* **Entries taken from a collection**:
━━━━━━━━━━━━━━━━
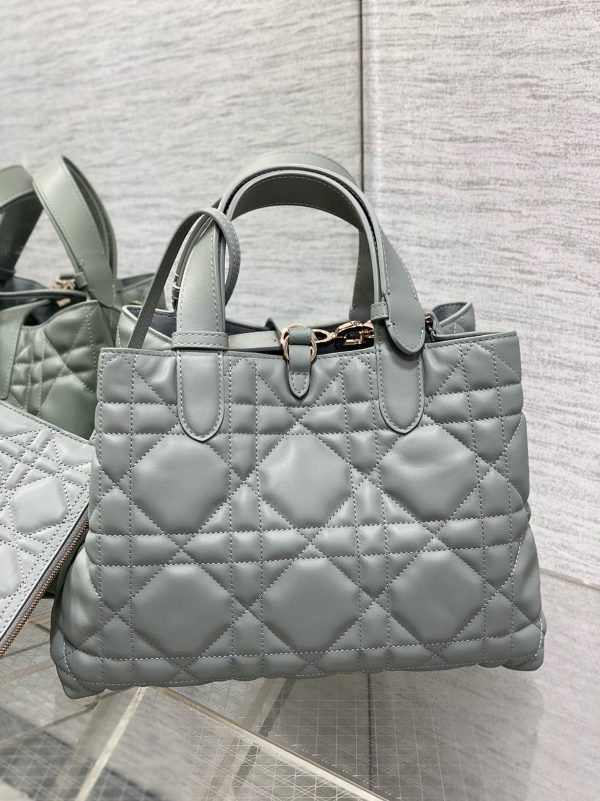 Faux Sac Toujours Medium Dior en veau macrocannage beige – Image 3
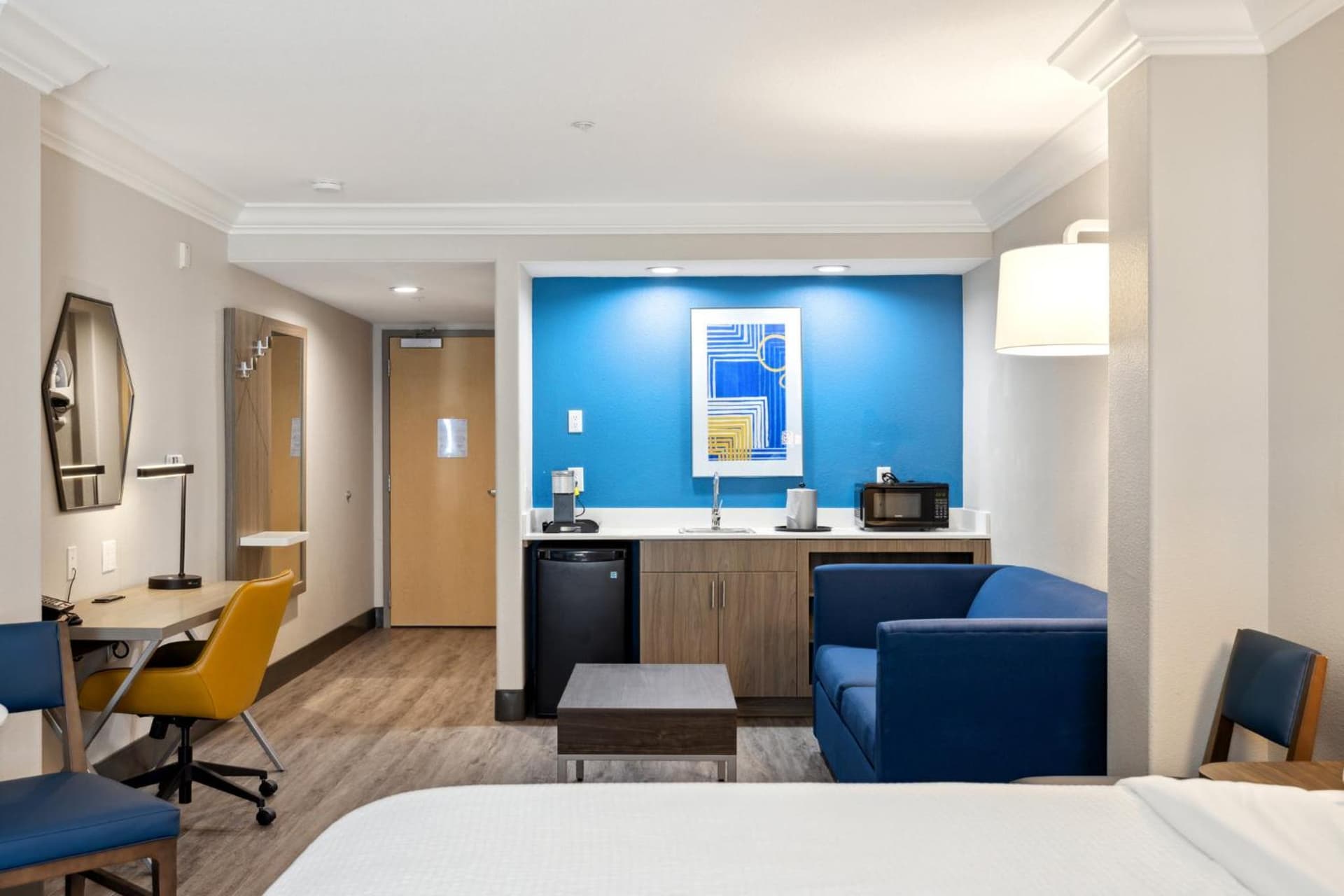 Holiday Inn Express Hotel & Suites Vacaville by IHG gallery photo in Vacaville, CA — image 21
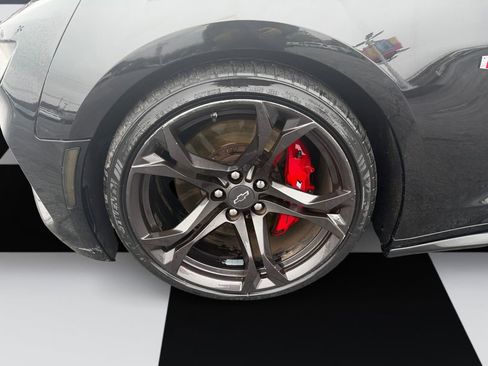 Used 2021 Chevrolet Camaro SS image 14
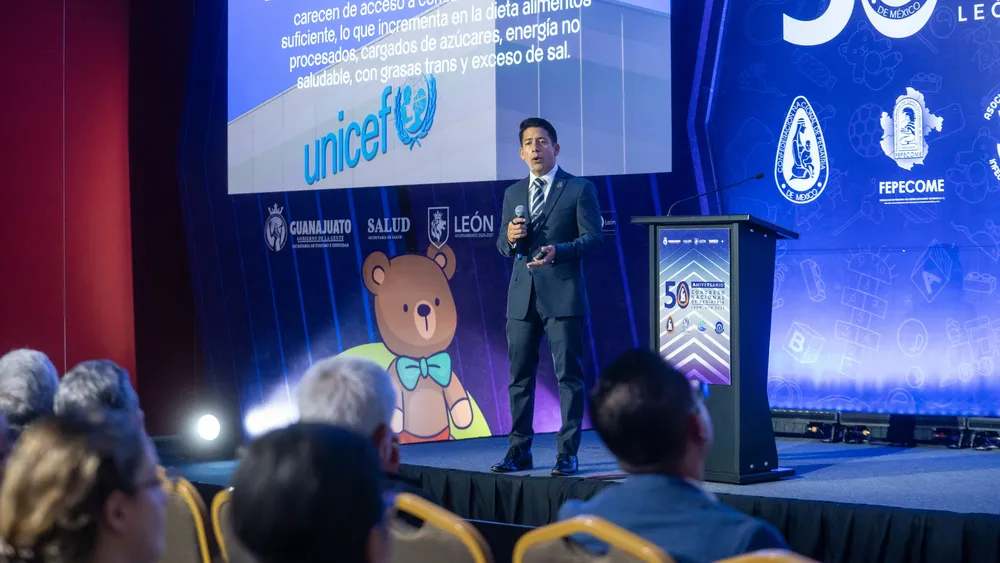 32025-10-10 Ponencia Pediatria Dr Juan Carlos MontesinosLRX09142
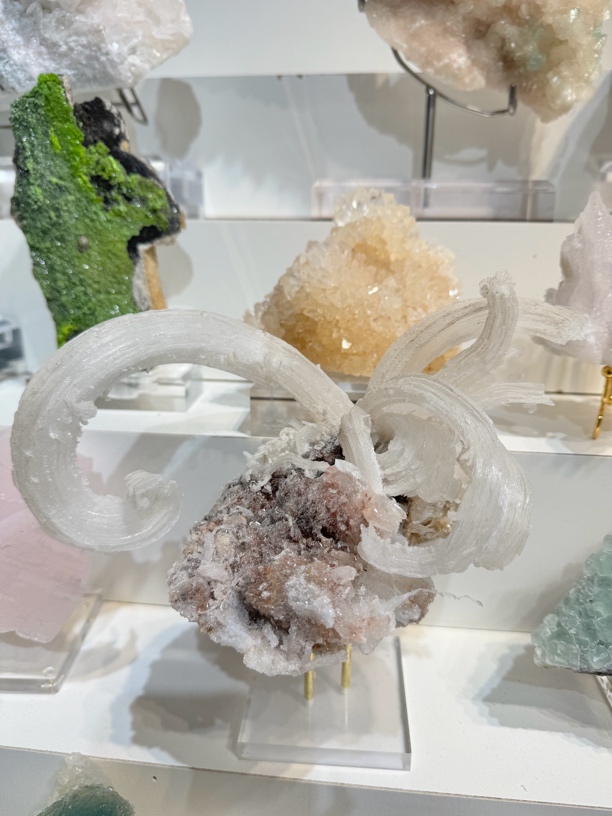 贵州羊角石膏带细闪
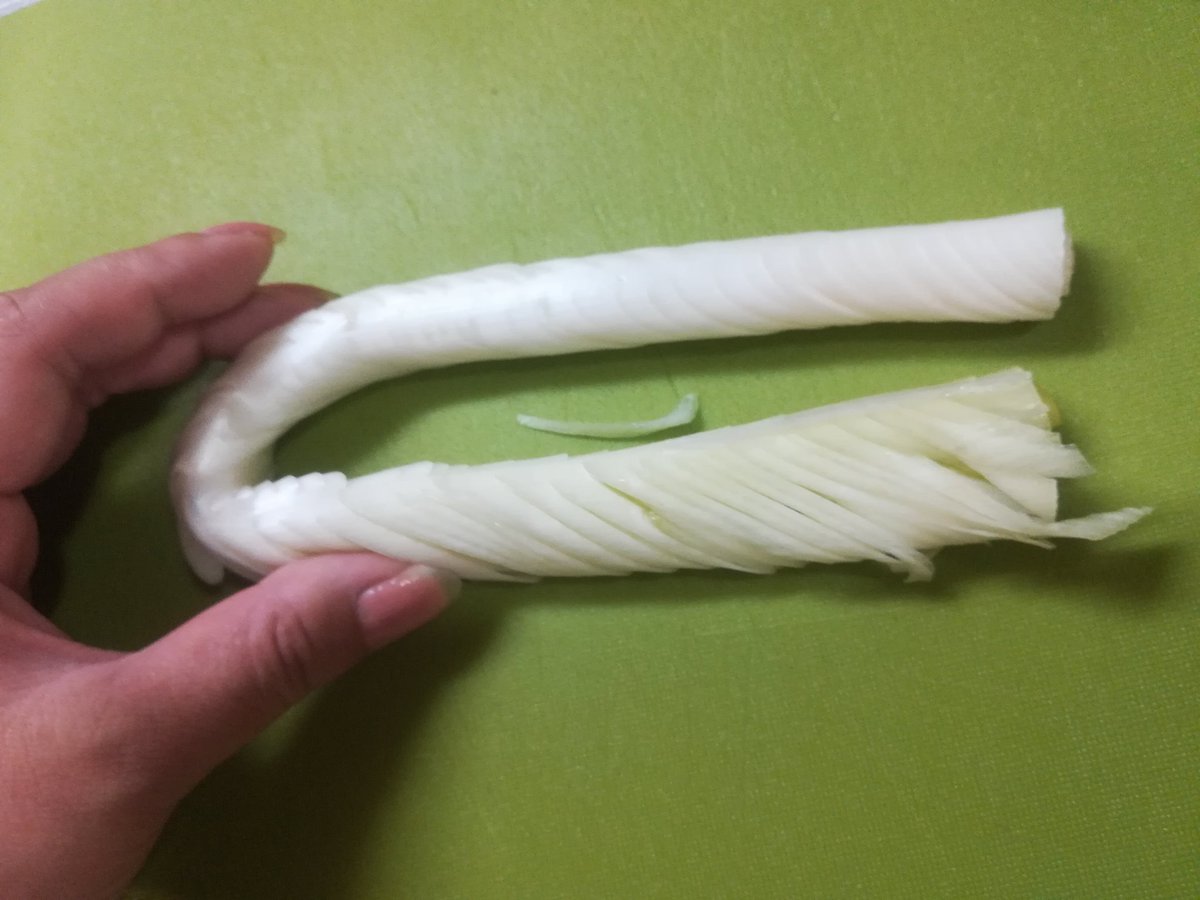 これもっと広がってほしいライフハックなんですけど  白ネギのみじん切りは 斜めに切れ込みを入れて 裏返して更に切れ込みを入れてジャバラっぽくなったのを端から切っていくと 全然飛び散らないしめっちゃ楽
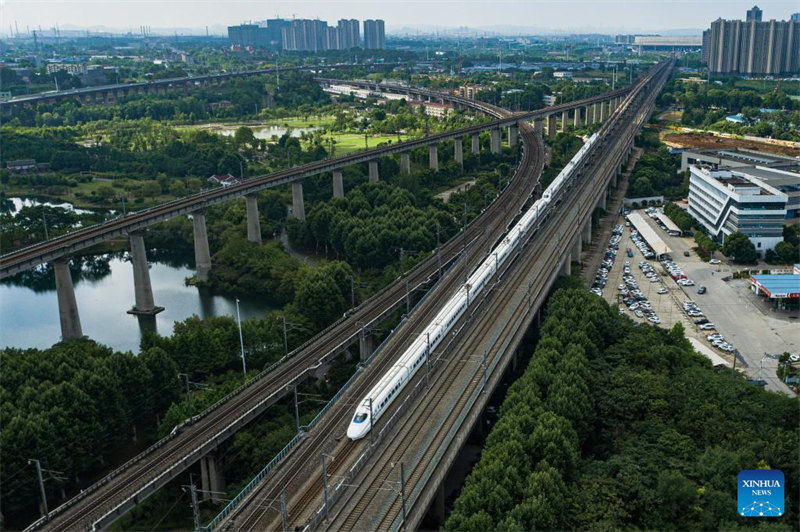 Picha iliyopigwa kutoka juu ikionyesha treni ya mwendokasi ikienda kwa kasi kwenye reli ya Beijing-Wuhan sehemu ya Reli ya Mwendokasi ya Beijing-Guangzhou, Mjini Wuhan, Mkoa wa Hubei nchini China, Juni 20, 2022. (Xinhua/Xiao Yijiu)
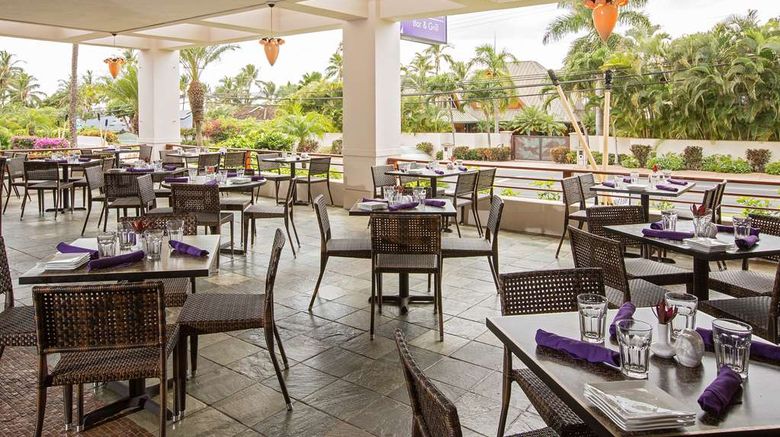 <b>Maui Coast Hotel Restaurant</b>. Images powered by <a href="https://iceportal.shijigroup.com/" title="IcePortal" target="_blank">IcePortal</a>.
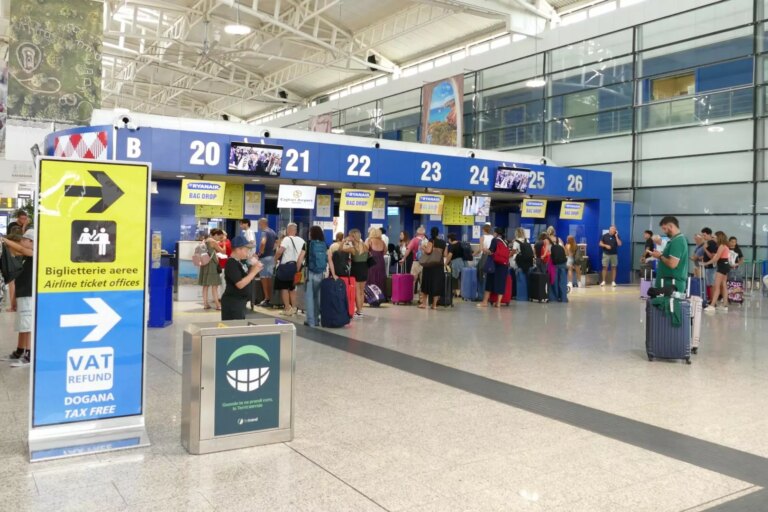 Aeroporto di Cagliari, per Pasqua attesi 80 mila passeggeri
━━━━━━━━━━━━━━━━
Up to and including the line with "斜めに切れ込みを入れて 裏返して更に切れ込みを入れてジャバラっぽくなったのを端から切っていくと 全然飛び散らないしめっちゃ楽", copy the data above from its first line. Skip pictures.

* **Exercise result**:
 Faux Sac Toujours Medium Dior en veau macrocannage beige – Image 3
 Holiday Inn Express Hotel & Suites Vacaville by IHG gallery photo in Vacaville, CA — image 21
 Used 2021 Chevrolet Camaro SS image 14
 32025-10-10 Ponencia Pediatria Dr Juan Carlos MontesinosLRX09142
 贵州羊角石膏带细闪
 これもっと広がってほしいライフハックなんですけど  白ネギのみじん切りは 斜めに切れ込みを入れて 裏返して更に切れ込みを入れてジャバラっぽくなったのを端から切っていくと 全然飛び散らないしめっちゃ楽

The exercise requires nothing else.